Article

Character Encoding

Character Repertoire refers to a set of distinct characters. The characters include letters, numerals, and other symbols.

Character Code refers to a mapping in tabular form. Each character in a repertoire is assigned a code value. The code value is a unique non-negative integer. Basically, computers only deal with numbers.

Character Encoding is essentially a way to internally represent each character as a specific sequence of bits. It is an algorithm that defines how each code value is converted to a sequence of code values. It also defines how each sequence of code values is then converted to specific sequence of bits.

This conversion makes storage possible in a system that uses fixed bit widths. During the conversion, the platform-dependent issues are taken into account for e.g. byte order.

A particular character encoding scheme needs to be specified when

a. you need to store textual data in a file on your computer hard disks

b. you need to transfer textual data over the network

For most UNIX systems, the platform-default character encoding is ISO Latin 1. For Windows, it is Windows Latin 1, also called WinLatin1.

The encoding scheme used to encode data is specified in suitable headers. The encoding used must be understood by the recipient software tool.

Numerous encoding schemes exist that provide a way for character encoding. Examples include UTF-8, UTF-16, ISO Latin-1.

Character Set sometimes merely denotes a character repertoire. The term is overloaded to refer to a character code. Quite often a particular character encoding is also involved.

ASCII

It is an acronym for American Standard Code for Information Interchange. It is the most commonly-used character set in the early days of computing. It represents the character repertoire, character code, and character encoding. It contains a total of 128 characters. 32 non-printable control characters such as linefeed and Escape and 96 other characters such as upper and lowercase English, digits, and English punctuation symbols. Most of them are printable.

Most of the character codes presently in use contain ASCII as their subset. It is the safest character set to be used in data transfer. There is no risk of character mapping loss. For e.g. at present, the safest means to store filenames on a typical network is using the ASCII characters.

A 8-bit byte is used to represent a ASCII character. It encodes the 128 characters in 7-bit binary form i.e. its lower 7 bits are set to the appropriate code value. The most significant bit is not used. For example, it allows an application to use this bit as a parity bit such as linefeed. For this reason, ASCII is regarded as a single-byte 7-bit character set.

Extending ASCII set

ASCII was soon observed to be inadequate. For example, several European languages use accented characters such as French language has ç and é; Danish has Ø; Spanish ñ; German ü

Several informal ways were used to extend ASCII. Using a single-byte, it is possible to encode a maximum of 256 characters. All 8-bits are utilised. This figure is adequate to encode most of the characters of Western European languages.
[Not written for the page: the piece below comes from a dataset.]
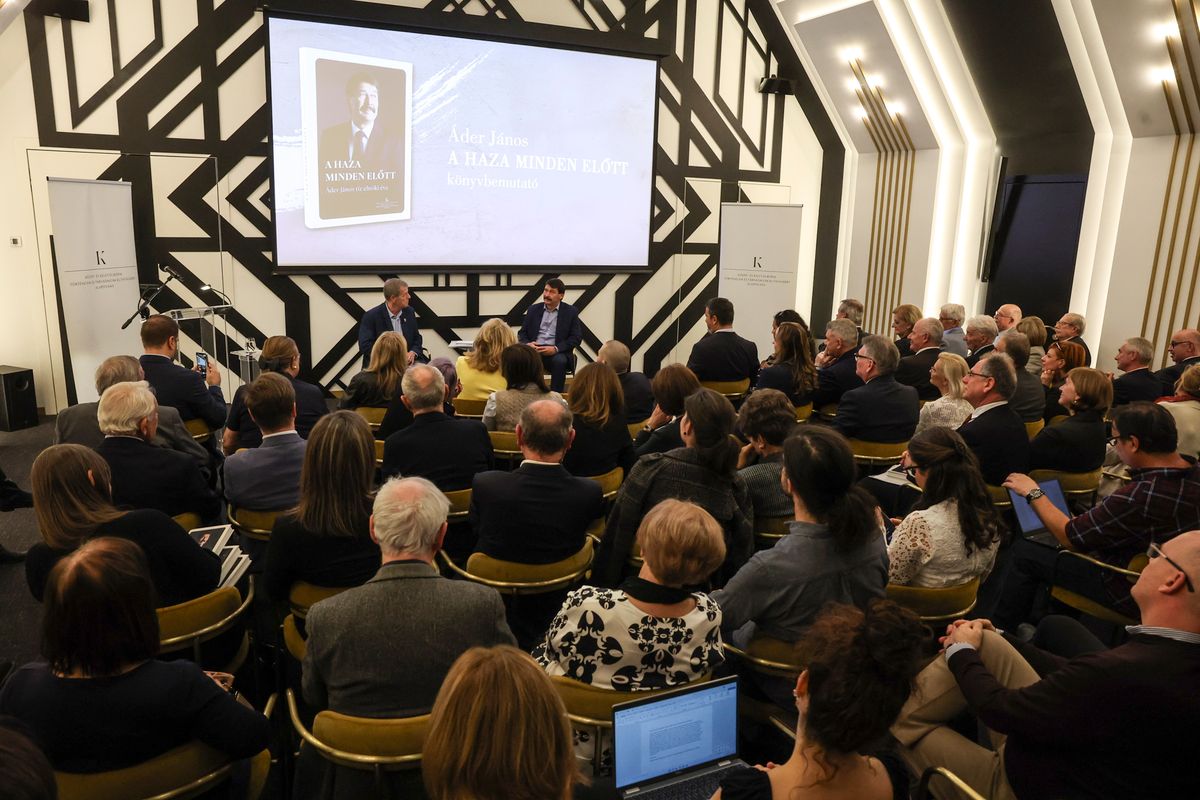 A haza minden előtt című könyvbemutató
Áder János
Numerous character encodings emerged. They facilitate supporting different character repertoires.

Example

ISO Latin 1, also known as ISO 8859-1, defines the character repertoire and the character code for it. It contains ASCII as its subset. The code values 0-127 represent the same characters as in ASCII. The code values 128-159 is unused and reserved for control codes, they do not represent printable characters. For instance, they can be used for device control such as changing colors, movement of cursor, etc.

This character repertoire also contains several accented characters, a collection of letters from West European languages, and some special characters. They occupy the code values 160–255.

It also specifies an encoding scheme that simply represents these code values in 8-bit binary form.

In effect, ISO 8859-1 is the default encoding in many environments.

Example

There are a number of character codes that are extensions to ASCII. ISO 8859 is actually a family of character codes. ISO 8859 character codes extend the ASCII in distinct ways with special characters used in different languages.

ISO 8859-1 is just a member of this family, already discussed. ISO Latin 2, also known as ISO 8859-2, contains ASCII characters and a collection of letters from Central/Eastern European languages.

The member character codes of ISO 8859 family are similar in form in the following way: 0-127 is identical to ASCII, 128-159 is reserved for control purposes, each member uses the code values 160-255 in a distinct way.

A single byte is sufficient to represent 256 code values. ISO 8859 character codes are typically encoded in simple 8-bit binary form.

Limitations with using different encodings

a. Character sets often clash with one another. Two different character sets often use the same code value for two different characters. It is also seen that a certain character belonging to two different character sets may use different code values. Such data may get corrupt when passed between different encodings.

b. Limited support for a multi-lingual user. 256 character codes are inadequate to represent all the characters required by such users.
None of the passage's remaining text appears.